Input data ▸
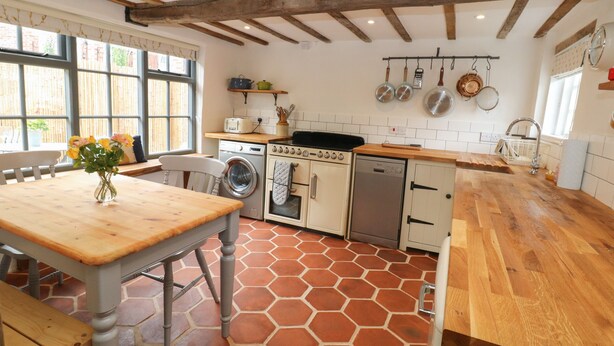 Una cocina con una mesa de madera, lavadora, horno y lavavajillas.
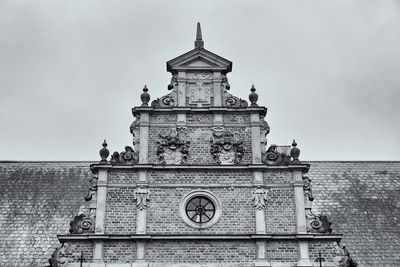 Low angle view of historic building against sky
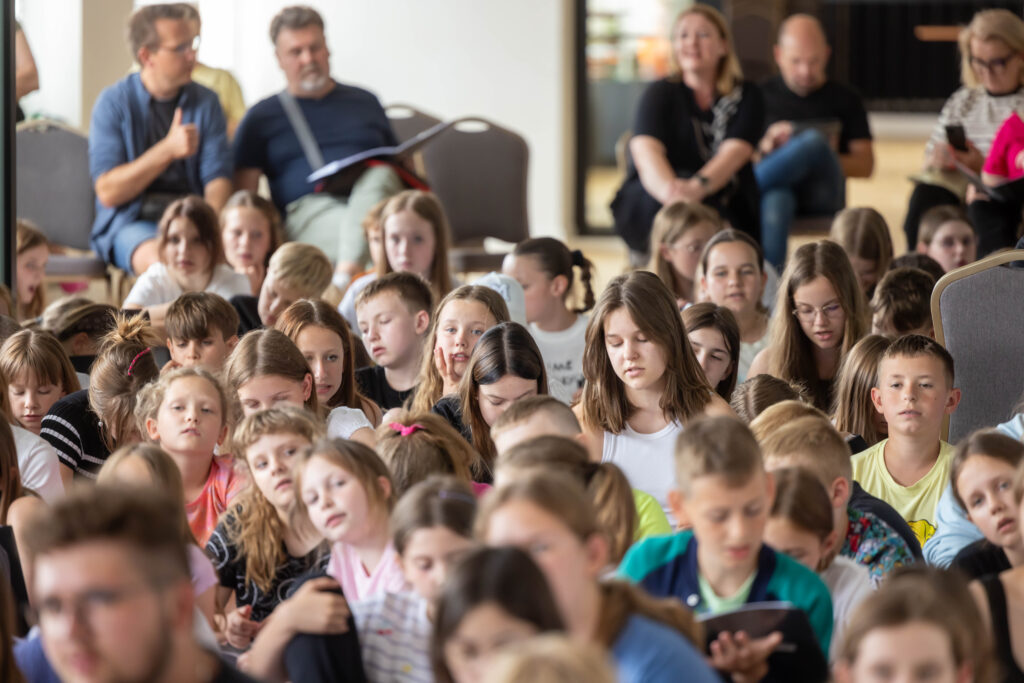 próba śpiewu - dzieci i młodzież. w tle chórmistrzowie.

Task item ▸ Retype all of the material above exactly; the pictures stay out.

Task answer ▸
 Una cocina con una mesa de madera, lavadora, horno y lavavajillas.
 Low angle view of historic building against sky
 próba śpiewu - dzieci i młodzież. w tle chórmistrzowie.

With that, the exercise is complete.